Pruning Parameterization With Bi-Level Optimization for Efficient Semantic Segmentation on the Edge
Changdi Yang · Pu Zhao · Yanyu Li · Wei Niu · Jiexiong Guan · Hao Tang · Minghai Qin · Bin Ren · Xue Lin · Yanzhi Wang
West Building Exhibit Halls ABC 290
With the ever-increasing popularity of edge devices, it is necessary to implement real-time segmentation on the edge for autonomous driving and many other applications. Vision Transformers (ViTs) have shown considerably stronger results for many vision tasks. However, ViTs with the full-attention mechanism usually consume a large number of computational resources, leading to difficulties for real-time inference on edge devices.

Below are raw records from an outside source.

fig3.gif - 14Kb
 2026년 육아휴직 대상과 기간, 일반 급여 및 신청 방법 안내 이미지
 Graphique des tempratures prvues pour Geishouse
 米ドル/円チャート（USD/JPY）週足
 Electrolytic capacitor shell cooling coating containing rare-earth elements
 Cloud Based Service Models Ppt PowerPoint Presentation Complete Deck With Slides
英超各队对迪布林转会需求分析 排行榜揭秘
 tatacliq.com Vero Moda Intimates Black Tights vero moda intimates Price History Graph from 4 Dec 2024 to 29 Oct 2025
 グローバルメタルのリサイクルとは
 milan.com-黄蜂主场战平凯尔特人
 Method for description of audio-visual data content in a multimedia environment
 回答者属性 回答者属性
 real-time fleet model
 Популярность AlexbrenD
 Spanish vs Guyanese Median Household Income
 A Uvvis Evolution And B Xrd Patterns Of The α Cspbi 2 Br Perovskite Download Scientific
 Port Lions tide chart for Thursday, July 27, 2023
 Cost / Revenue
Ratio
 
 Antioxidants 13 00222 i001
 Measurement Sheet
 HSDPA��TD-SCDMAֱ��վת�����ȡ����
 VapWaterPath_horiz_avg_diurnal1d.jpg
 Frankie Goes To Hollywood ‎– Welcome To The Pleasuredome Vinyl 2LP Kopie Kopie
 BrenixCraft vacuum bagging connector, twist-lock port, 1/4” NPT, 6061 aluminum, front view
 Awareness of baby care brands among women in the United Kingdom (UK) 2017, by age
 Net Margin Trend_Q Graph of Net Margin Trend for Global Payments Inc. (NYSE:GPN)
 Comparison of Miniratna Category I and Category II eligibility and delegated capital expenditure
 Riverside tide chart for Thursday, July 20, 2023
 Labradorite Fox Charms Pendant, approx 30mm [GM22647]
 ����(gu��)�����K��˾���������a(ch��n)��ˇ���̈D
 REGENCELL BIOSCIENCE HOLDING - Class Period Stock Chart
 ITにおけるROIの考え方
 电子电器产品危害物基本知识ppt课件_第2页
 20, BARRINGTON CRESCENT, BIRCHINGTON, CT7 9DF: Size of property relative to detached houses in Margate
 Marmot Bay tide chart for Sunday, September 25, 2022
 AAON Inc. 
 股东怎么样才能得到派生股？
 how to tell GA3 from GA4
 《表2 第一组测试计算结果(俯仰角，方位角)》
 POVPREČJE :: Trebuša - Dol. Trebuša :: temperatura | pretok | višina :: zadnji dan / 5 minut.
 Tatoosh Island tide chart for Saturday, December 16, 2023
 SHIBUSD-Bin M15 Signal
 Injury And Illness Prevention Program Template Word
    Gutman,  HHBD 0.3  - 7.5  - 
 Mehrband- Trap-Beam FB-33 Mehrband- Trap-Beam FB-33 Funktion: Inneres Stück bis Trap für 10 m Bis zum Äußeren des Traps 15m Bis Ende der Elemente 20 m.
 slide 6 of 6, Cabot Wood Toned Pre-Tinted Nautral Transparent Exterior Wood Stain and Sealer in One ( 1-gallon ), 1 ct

In this paper, we aim to derive ViTs with fewer computations and fast inference speed to facilitate the dense prediction of semantic segmentation on edge devices. To achieve this, we propose a pruning parameterization method to formulate the pruning problem of semantic segmentation. Then we adopt a bi-level optimization method to solve this problem with the help of implicit gradients. Our experimental results demonstrate that we can achieve 38.9 mIoU on ADE20K val with a speed of 56.5 FPS on Samsung S21, which is the highest mIoU under the same computation constraint with real-time inference.